(DATASET SECTION Opens)

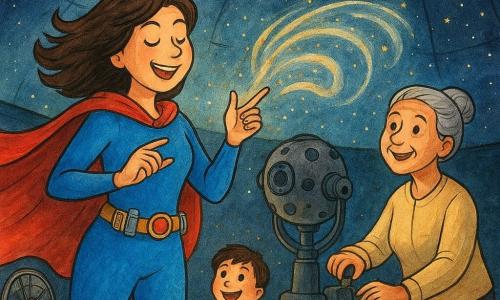 Valentina es una superheroína alegre y concentrada, cabello castaño al viento, capa roja y traje azul con cinturón de artilugios, chasquea los dedos y dirige una brisa; la señora Puri, mujer madura y aliviada, cabello gris recogido, enciende una pequeña lámpara junto al proyector; un niño de unos 7 años, pelo corto y ojos asombrados, sentado al fondo señala la cúpula estrellada; el planetario tiene un gran domo interior oscuro con miles de estrellas luminosas, proyector metálico central, confeti brillante en el suelo y un ventilador antiguo que gira; Valentina en primer plano, manos alzadas como directora, capa flotando, el ventilador crea una espiral de confeti que calma las estrellas traviesas; estilo: tinta colorida, contornos nítidos, colores saturados, texturas de papel visibles, luces suaves y reflejos brillantes; composición: plano medio con ligera contrapicada para mostrar la bóveda, expresiones y gestos claros.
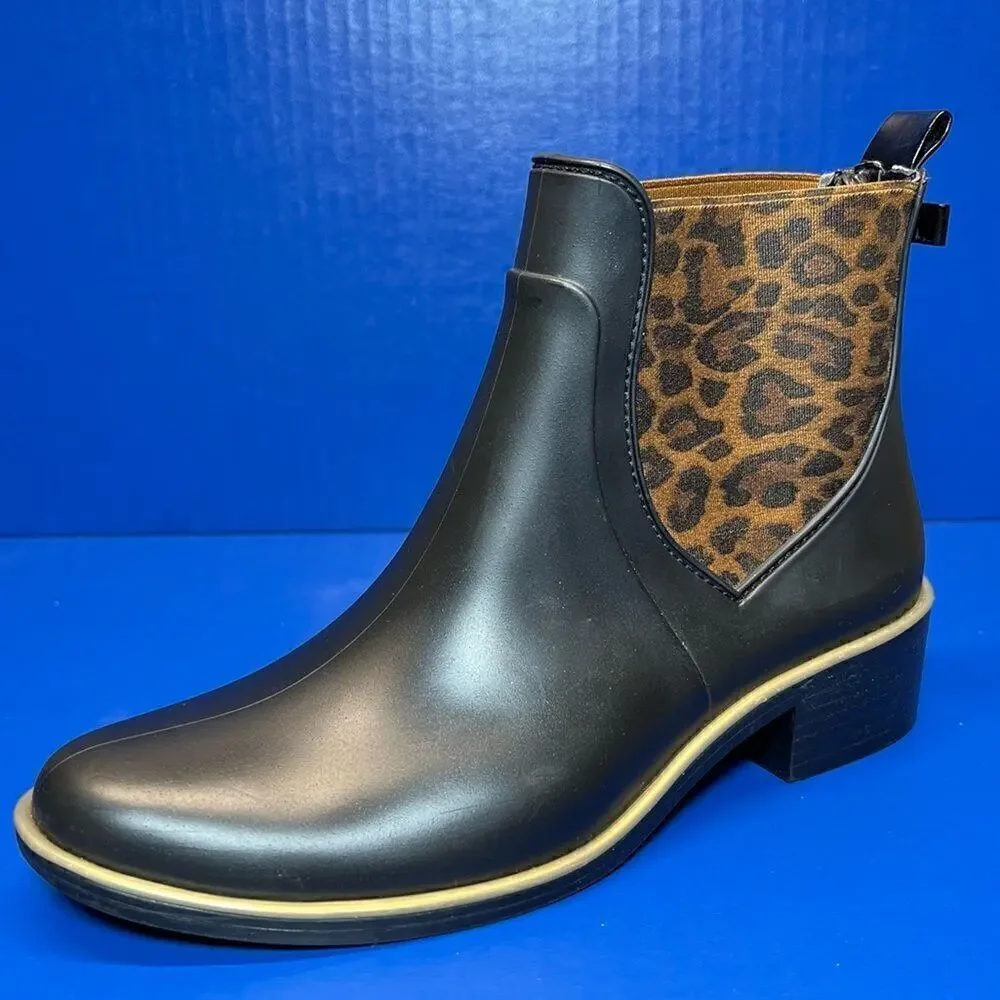 Kate Spade Womens Sedgwick Black Leopard Print Rain Boots 6/7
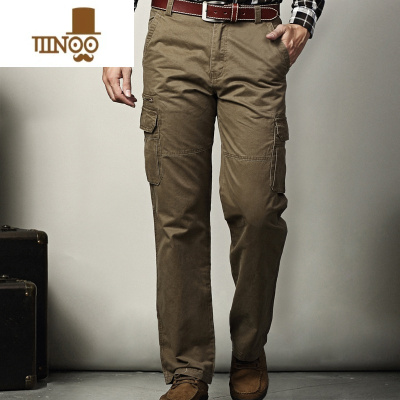 YANXU多口袋的高腰工装裤 休闲裤宽松直筒男士耐磨多兜长裤子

(DATASET SECTION Closes)

DIRECTIONS FOR THIS TASK:
The line with "Kate Spade Womens" and each line after it, through the final line of the data, are to be duplicated exactly, with pictures left out and nothing more included.

RESULT:
 Kate Spade Womens Sedgwick Black Leopard Print Rain Boots 6/7
 YANXU多口袋的高腰工装裤 休闲裤宽松直筒男士耐磨多兜长裤子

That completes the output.